Phlegmacium subrubrovelatum

Scientific classification
- Kingdom: Fungi
- Division: Basidiomycota
- Class: Agaricomycetes
- Order: Agaricales
- Family: Cortinariaceae
- Genus: Phlegmacium
- Species: P. subrubrovelatum
- Binomial name: Phlegmacium subrubrovelatum (Bidaud) Niskanen & Liimat. (2022)
- Synonyms: Cortinarius subrubrovelatus (Bidaud) Kytöv., Liimat., Niskanen & Dima (2014) Cortinarius glaucopus var. subrubrovelatus Bidaud (2008)

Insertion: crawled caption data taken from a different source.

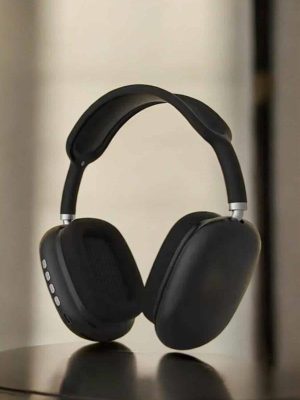 P9 Plus Kulaklık Siyah Bluetooth Bağlantılı Kulak Üstü Kablosuz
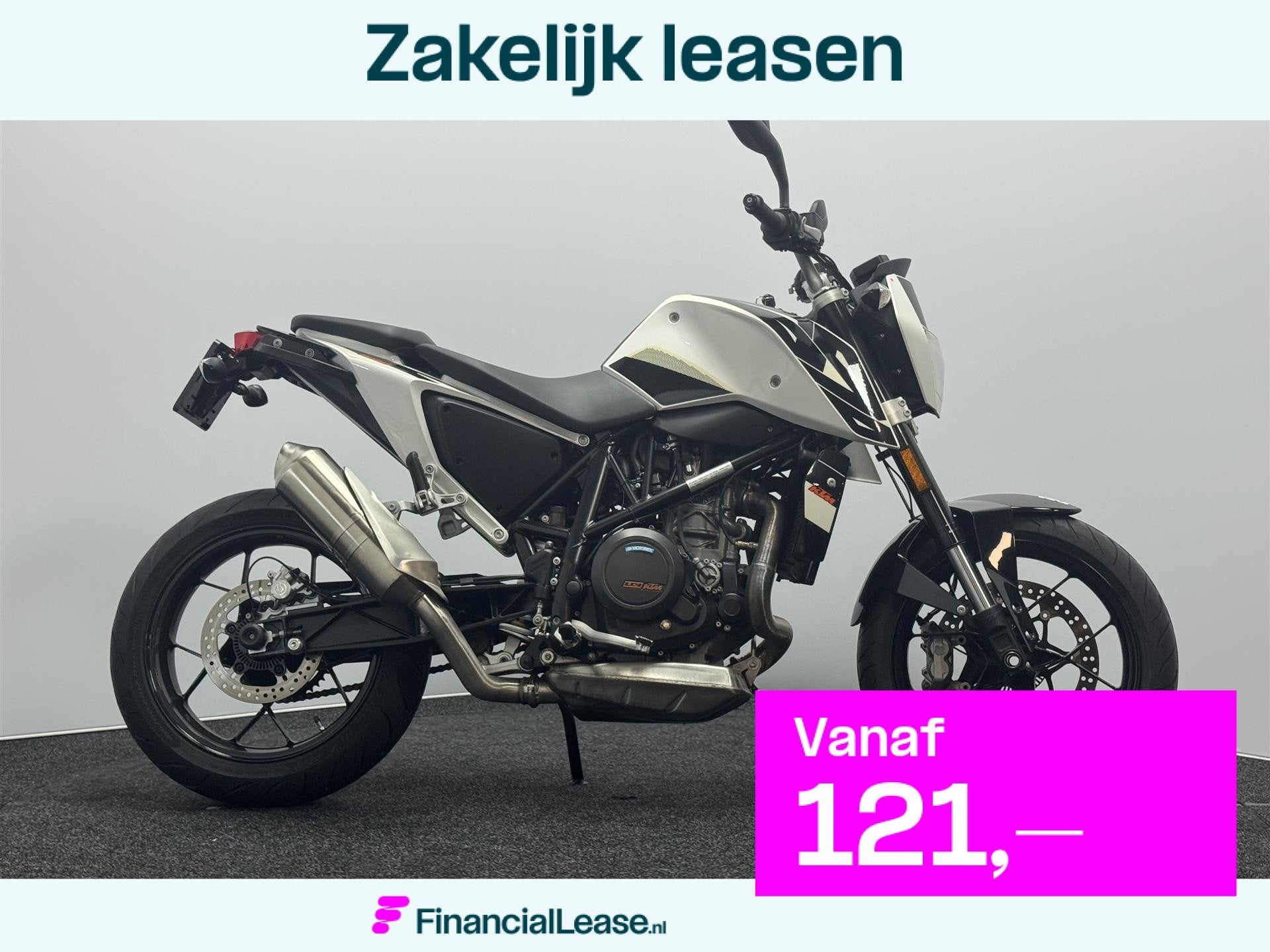 KTM 690 DUKE ABS, Motoren, Bedrijf, Naked bike, Meer dan 35 kW, 690 cc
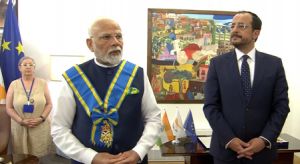 पीएम मोदी को मिला साइप्रस का सर्वोच्च सम्मान ‘ग्रैंड क्रॉस ऑफ द ऑर्डर ऑफ मकारियोस III’
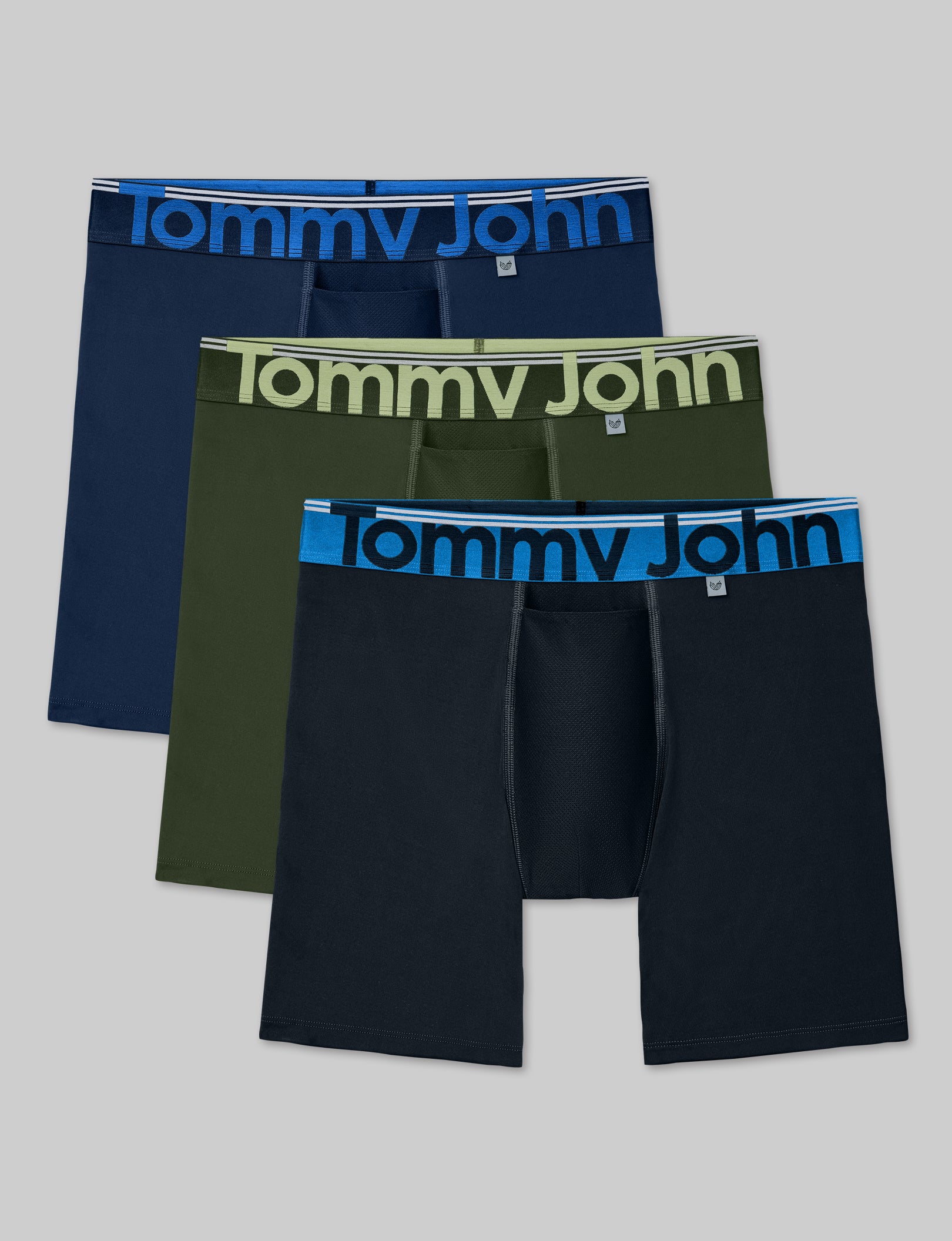 360 Sport Mid-Length Boxer Brief 6" (3-Pack)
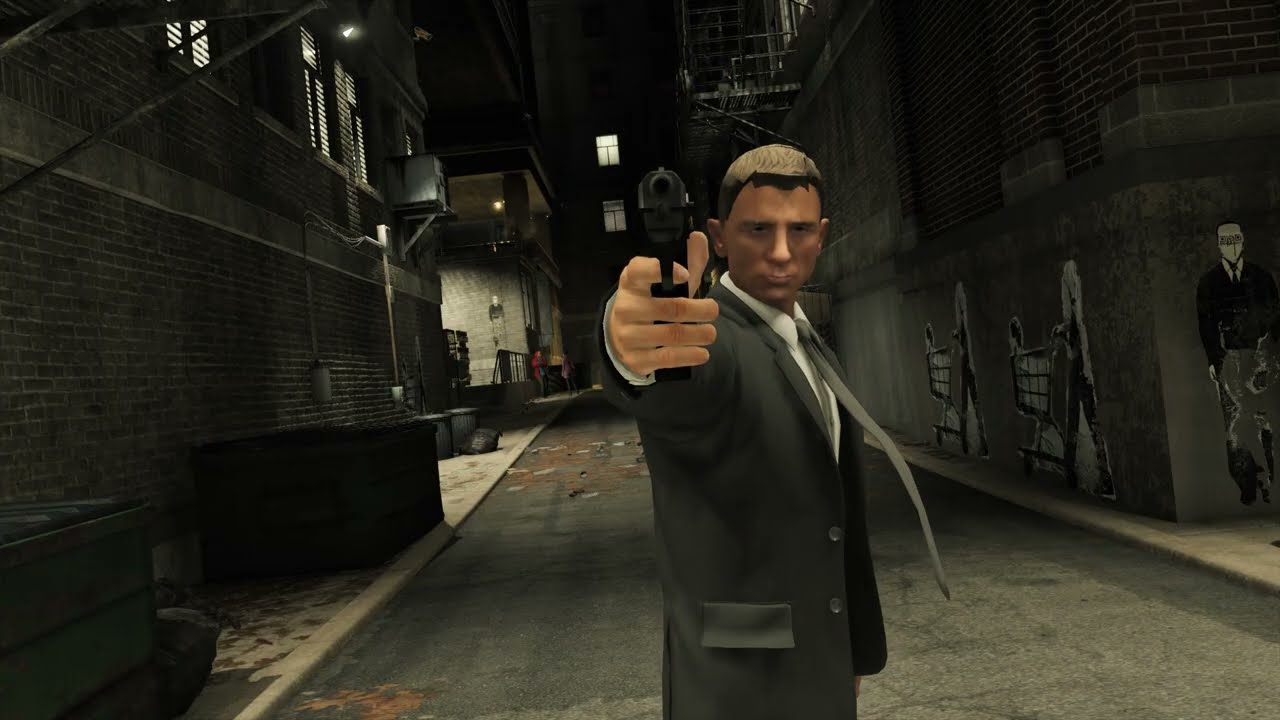James Bond 007 in Chicago | Watch Dogs MOD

= Phlegmacium subrubrovelatum =

- Authority: (Bidaud) Niskanen & Liimat. (2022)
- Synonyms: Cortinarius subrubrovelatus (Bidaud) Kytöv., Liimat., Niskanen & Dima (2014), Cortinarius glaucopus var. subrubrovelatus Bidaud (2008)

Species of fungus

Phlegmacium subrubrovelatum is a species of mushroom producing fungus in the family Cortinariaceae. It was previously known as Cortinarius subrubrovelatus.

== Taxonomy ==
It was described as new to science in 2008 as a variety of another Cortinarius species, Cortinarius glaucopus var. subrubrovelatus but raised to distinct species status in 2014. It was classified as Cortinarius subrubrovelatus and placed in the subgenus Phlegmacium of the large mushroom genus Cortinarius.

In 2022 the species was transferred from Cortinarius and reclassified as Phlegmacium subrubrovelatum based on genomic data. This study also reclassified Cortinarius glaucopus as Phlegmacium glaucopus.

== Habitat and distribution ==
The mushroom is found in Central and northern Europe, where it grows in coniferous forests.